USERRA doesn't address this issue.

We have an employee returning to work soon after military leave. When this newly married employee was sent to Iraq, he left behind a pregnant wife, AND a pregnant girlfriend. The girlfriend is also our employee, and she continues to work here. (Both babies were born during his leave.)

This was an ugly situation between wife and girlfriend. Wife had battery charges and a restraining order against her. Aside from the rampant rumors and each employee on the shift taking the side of the wife or the girlfriend, most of the problems were outside of work.

I have had some contact with the wife while our employee was gone. (I have a casual connection to her since she used to work in the office 2 blocks away from here with my husband. My connection to her certainly does not prevent me from being impartial here, but I felt I needed to explain the reason for our contact.) The wife has expressed a desire that her husband NOT return to work here. Unfortunately, that is exactly what he has chosen.

When he notified me that he plans to return to work in a few weeks, he did ask for a transfer to another shift. That is not an option, and I told him so. (He works on the evening shift and our day shift is full. I have not filled a day position for over a year.) He indicated that there were people on the night shift he should stay away from. We were in a public area when we had this discussion so I could not discuss much more with him. I have asked him to come in next week to take care of any paperwork (return to health insurance, etc.) and I plan to have a conversation with him about this situation then.

Aside from their stupid actions in the past, (and who among us hasn't done something stupid in the past) these are all 3 decent young people. I would like to do what I can to make the return to work a smooth transition for this young man, as well as everyone else. My biggest concern actually is that the wife will come to the workplace and cause problems, but I know that all I can focus on here is what concerns performance at work.

I think I know how to handle this (one issue at a time as it comes up) but I would love to hear other perspectives and suggestions.

Thank you!

Comments

  • 3 Comments sorted by Votes Date Added
  • Take USERRA totally out of the picture since, you are correct, this soap opera is not addressed there. Treat this situation the same way you would treat it if he were returning after a 12 week FMLA absence, no different in any respect.
  • Good point "Dandy Don", but I would add that she must review the company promotions, wage increases, subjective bonuses, if any, holidays, vacation days and PTO, etc. to insure the soldier is made whole, which would not be required under FMLA.

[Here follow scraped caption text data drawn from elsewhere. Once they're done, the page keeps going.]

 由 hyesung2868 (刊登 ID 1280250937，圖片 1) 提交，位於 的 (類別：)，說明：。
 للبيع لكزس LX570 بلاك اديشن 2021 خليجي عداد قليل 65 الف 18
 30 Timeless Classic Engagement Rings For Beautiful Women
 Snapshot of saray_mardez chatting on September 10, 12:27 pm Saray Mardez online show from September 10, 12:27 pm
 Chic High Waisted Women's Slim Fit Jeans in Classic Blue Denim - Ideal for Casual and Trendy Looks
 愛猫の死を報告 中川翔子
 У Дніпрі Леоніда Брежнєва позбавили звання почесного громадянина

    You can stand your ground that he must go back into the position that he previously held and that you will review the situation when an opening on the desired shift comes open, a failure to review could also lead to USERRA.

    It can not be viewed as retalitory, if one simply goes from his departure date and block out any negative things that might have happened while the ee was on MLA, and give the ee all positive things that happened while the ee was away.

    His/her old position awaits the arrival of the MLA ee, and the temporary ee hired in the ee's place has been alerted that the pink sheet is on the way, and will land in his/her lap on the day before the MLA ee returns.

    Good luck and may you have a Blessed day and week with the returning MLA ee. We wait two, who want return until July, 2004. With God's Blessing they too will return safe and sound.

    PORK
  • Two new babies, a girlfriend and a wife? I'm kind of surprised he didn't want to extend his tour in Iraq!

    Seriously though, just make sure you treat him as you would any other returning reservist under USERRA and deal separately with the ancillary issues unrelated to the leave. You say that he feels there are people on his old shift he should "stay away from," and I would monitor that situation very closely, because I'm assuming he's concerned about his safety around certain people. As far as the wife is concerned, obviously you have a right to prevent her from coming on your premises if her intent is to do harm.

    Remember, USERRA prevents you from terminating a returning reservist except for cause for a certain period of time after his/her return. However, if sparks begin to fly make sure you're prepared to deal with the situation appropriately.